[[ SOURCE DATA open ]]

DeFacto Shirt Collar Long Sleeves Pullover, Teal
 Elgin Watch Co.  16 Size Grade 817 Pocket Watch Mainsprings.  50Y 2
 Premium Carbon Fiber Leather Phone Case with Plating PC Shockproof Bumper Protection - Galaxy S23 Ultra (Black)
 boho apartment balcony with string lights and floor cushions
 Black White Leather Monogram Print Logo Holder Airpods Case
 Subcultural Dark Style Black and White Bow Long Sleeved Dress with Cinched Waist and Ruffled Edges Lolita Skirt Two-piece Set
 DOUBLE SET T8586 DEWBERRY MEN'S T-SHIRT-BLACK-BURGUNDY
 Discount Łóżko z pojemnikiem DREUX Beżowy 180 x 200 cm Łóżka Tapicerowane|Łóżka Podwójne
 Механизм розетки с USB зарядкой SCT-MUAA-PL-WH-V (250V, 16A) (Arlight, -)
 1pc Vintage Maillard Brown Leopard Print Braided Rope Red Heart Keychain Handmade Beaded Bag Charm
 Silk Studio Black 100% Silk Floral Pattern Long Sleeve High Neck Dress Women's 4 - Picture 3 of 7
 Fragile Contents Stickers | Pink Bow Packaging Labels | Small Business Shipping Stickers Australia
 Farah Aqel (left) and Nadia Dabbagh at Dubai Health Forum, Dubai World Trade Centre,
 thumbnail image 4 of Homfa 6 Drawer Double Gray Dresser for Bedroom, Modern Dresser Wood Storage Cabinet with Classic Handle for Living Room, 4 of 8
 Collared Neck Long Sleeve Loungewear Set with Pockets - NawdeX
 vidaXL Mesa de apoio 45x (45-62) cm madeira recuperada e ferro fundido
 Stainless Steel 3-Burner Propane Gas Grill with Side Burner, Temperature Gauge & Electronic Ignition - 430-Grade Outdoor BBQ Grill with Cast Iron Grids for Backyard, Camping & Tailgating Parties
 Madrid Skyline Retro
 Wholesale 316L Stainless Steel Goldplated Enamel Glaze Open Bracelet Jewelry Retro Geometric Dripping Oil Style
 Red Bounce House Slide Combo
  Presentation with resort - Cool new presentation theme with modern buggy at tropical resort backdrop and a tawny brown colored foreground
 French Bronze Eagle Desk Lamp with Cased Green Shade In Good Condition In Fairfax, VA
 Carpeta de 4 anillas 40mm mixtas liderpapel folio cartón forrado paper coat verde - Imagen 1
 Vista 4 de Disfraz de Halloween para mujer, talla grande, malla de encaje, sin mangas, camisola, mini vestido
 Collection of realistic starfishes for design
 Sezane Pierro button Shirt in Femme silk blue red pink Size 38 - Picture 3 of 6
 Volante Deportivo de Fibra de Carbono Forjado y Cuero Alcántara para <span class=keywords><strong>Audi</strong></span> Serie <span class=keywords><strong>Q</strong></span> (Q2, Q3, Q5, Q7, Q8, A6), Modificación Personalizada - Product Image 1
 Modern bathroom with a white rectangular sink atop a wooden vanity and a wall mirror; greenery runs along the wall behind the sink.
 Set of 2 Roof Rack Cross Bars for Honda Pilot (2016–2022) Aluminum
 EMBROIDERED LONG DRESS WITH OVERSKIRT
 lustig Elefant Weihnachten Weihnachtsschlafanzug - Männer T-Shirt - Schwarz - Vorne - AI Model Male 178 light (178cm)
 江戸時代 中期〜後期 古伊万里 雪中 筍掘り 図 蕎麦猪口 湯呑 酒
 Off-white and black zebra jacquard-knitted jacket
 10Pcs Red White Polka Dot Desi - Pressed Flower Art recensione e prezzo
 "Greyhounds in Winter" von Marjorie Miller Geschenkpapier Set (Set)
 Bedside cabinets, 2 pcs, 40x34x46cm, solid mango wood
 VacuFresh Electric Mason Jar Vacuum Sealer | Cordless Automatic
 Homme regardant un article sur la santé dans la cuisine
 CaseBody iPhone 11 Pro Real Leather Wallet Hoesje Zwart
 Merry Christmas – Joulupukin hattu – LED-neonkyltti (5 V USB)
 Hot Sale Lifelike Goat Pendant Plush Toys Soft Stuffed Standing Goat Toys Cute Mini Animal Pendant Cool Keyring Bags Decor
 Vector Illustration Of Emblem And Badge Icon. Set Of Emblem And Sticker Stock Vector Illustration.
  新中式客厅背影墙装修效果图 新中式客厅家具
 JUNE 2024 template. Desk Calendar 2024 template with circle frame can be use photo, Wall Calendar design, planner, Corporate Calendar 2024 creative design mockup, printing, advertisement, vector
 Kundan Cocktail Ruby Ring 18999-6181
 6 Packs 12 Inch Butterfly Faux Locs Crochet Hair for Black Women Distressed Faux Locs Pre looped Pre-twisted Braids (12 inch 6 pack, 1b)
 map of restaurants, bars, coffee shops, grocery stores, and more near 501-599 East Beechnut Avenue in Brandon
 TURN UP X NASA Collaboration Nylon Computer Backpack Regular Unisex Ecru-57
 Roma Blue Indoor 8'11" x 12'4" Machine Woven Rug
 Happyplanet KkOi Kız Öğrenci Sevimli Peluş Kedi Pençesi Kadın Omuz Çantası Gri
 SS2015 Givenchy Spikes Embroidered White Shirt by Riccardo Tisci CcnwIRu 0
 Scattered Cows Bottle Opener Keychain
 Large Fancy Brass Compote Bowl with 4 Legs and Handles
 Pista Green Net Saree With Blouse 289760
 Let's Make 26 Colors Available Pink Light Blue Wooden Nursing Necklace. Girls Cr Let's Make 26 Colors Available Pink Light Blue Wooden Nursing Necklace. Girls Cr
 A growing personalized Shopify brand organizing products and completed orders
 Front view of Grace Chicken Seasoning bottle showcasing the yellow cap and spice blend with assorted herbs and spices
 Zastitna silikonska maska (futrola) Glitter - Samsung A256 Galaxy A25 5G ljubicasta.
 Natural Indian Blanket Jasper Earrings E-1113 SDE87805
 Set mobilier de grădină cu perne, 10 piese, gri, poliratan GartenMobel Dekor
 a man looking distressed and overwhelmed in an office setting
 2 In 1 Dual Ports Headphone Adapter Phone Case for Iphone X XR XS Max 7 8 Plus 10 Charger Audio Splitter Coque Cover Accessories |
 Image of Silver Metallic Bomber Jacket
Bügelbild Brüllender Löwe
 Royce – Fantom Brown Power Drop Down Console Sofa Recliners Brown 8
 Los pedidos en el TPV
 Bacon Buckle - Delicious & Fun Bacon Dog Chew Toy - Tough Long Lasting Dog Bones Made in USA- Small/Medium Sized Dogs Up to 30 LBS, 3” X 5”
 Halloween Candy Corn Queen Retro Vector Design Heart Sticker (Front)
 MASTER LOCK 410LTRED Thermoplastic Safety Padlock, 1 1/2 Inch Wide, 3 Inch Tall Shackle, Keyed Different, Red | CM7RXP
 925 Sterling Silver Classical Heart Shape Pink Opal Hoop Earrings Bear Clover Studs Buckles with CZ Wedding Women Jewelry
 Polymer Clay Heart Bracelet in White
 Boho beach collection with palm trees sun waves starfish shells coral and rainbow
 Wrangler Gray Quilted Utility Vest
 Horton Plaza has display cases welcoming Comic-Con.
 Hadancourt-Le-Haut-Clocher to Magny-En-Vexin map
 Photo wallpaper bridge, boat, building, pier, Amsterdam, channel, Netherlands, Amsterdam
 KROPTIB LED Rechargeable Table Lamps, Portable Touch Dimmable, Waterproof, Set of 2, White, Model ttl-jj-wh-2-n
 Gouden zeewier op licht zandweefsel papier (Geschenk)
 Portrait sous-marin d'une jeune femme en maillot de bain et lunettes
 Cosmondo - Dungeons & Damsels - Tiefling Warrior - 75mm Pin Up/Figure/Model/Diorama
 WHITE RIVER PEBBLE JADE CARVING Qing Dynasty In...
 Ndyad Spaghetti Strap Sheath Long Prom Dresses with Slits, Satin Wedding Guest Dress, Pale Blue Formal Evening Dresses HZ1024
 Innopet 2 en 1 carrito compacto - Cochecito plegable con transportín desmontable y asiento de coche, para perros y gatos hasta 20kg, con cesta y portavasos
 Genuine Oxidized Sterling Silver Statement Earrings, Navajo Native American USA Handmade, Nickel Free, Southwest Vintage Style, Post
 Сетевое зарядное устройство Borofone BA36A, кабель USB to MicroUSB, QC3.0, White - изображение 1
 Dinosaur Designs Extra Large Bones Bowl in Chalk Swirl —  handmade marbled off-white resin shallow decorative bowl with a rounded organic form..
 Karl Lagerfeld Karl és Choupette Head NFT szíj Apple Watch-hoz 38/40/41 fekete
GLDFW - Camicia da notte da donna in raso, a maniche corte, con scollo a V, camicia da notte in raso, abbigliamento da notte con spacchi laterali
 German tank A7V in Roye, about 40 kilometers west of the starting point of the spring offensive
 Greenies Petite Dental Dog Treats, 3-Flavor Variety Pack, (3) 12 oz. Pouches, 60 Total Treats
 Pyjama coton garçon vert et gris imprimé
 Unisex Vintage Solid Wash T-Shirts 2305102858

[[ SOURCE DATA closed ]]

EXERCISE INSTRUCTIONS:
Your answer must be the data above, copied exactly from its first line through the line containing "vidaXL Mesa de", and nothing more.

WORKED SOLUTION:
DeFacto Shirt Collar Long Sleeves Pullover, Teal
 Elgin Watch Co.  16 Size Grade 817 Pocket Watch Mainsprings.  50Y 2
 Premium Carbon Fiber Leather Phone Case with Plating PC Shockproof Bumper Protection - Galaxy S23 Ultra (Black)
 boho apartment balcony with string lights and floor cushions
 Black White Leather Monogram Print Logo Holder Airpods Case
 Subcultural Dark Style Black and White Bow Long Sleeved Dress with Cinched Waist and Ruffled Edges Lolita Skirt Two-piece Set
 DOUBLE SET T8586 DEWBERRY MEN'S T-SHIRT-BLACK-BURGUNDY
 Discount Łóżko z pojemnikiem DREUX Beżowy 180 x 200 cm Łóżka Tapicerowane|Łóżka Podwójne
 Механизм розетки с USB зарядкой SCT-MUAA-PL-WH-V (250V, 16A) (Arlight, -)
 1pc Vintage Maillard Brown Leopard Print Braided Rope Red Heart Keychain Handmade Beaded Bag Charm
 Silk Studio Black 100% Silk Floral Pattern Long Sleeve High Neck Dress Women's 4 - Picture 3 of 7
 Fragile Contents Stickers | Pink Bow Packaging Labels | Small Business Shipping Stickers Australia
 Farah Aqel (left) and Nadia Dabbagh at Dubai Health Forum, Dubai World Trade Centre,
 thumbnail image 4 of Homfa 6 Drawer Double Gray Dresser for Bedroom, Modern Dresser Wood Storage Cabinet with Classic Handle for Living Room, 4 of 8
 Collared Neck Long Sleeve Loungewear Set with Pockets - NawdeX
 vidaXL Mesa de apoio 45x (45-62) cm madeira recuperada e ferro fundido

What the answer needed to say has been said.